Bei Bach ist das immer so, wenn er von der Mehrstimmigkeit in die Zweistimmigkeit wechselt, dann hat das etwas zu bedeuten. In diesem Fall ist es eine Öffnung zu anderen Harmonien.

Weil, ich könnte mir jetzt diese Harmonie vorstellen: [spielt h-moll]

Nur, der Hörer macht das nicht, weil er muß erst dazu bewegt werden. Z. B. ein cis im Baß (Tonikagegenklang fis-moll) stellt er sich nicht vor. Aber es wäre ja möglich, daß das g nicht am Ende des Takts erscheint, sondern ein gis. Und dann wären wir im Tonikagegenklang oder in der Dominantparallele.

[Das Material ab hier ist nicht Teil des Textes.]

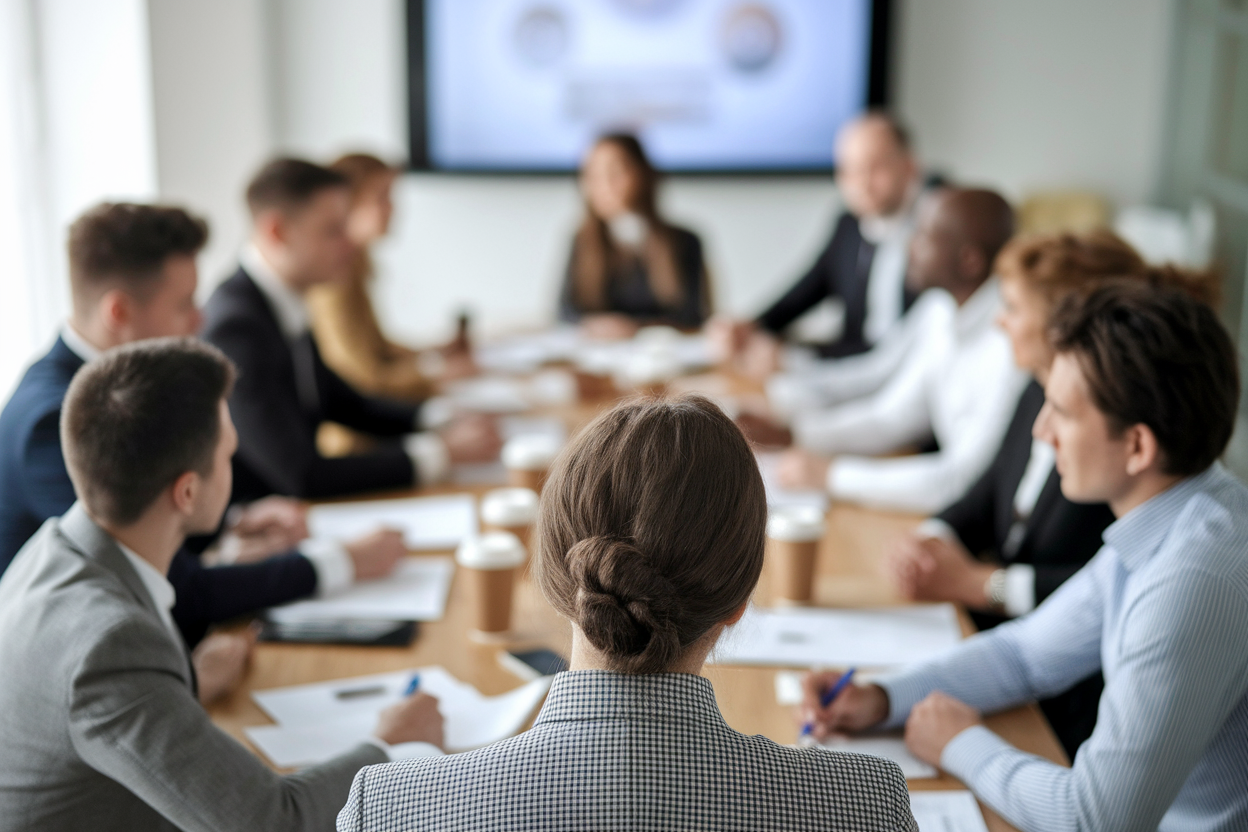 groupe-employes-reunion-table-conference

Es erscheint aber das g, und da ist wiederum interessant, daß das einstimmig ist.

Wenn Bach nun dieses vorherige a hätte liegen lassen, dann würde eine kleine Septim entstehen. Das haben wir in dem Stück später, das ist der Takt 13: [spielt Takt 13]

Darüber werden wir noch sprechen. Jedenfalls, wenn ich diese Septim höre, dann denke ich schon an eine Dominante, nämlich das: [spielt a – cis – e – g]

 

Takt 2

Das passiert aber nicht, sondern es geht weiter mit dem g der Subdominante in der 1. Zählzeit des 2. Takts.

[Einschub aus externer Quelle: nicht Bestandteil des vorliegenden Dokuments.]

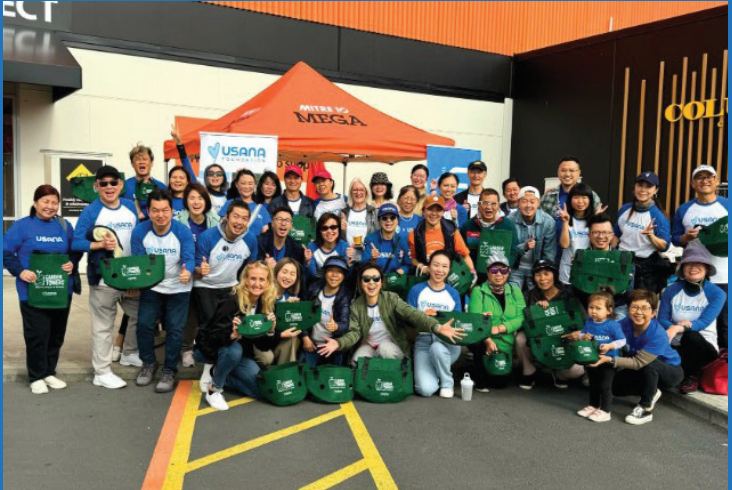 USANA volunteers with Garden Towers in New Zealand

Und hier ist tatsächlich der Schwerpunkt auf der 2. Zählzeit, das ist die Auflösung nach D-dur. Obwohl wir nur 2 Töne haben, ist es klar, das ist D-dur.

Interessant ist nun der 1. Akkord des 2. Takts: Erstens, er ist nicht spielbar. Die 6. Suite ist ja für ein fünfsaitiges Instrument geschrieben. Wir haben die Schwierigkeit, daß wir die E-Saite nicht haben und deshalb gibt es ein paar Modifikationen.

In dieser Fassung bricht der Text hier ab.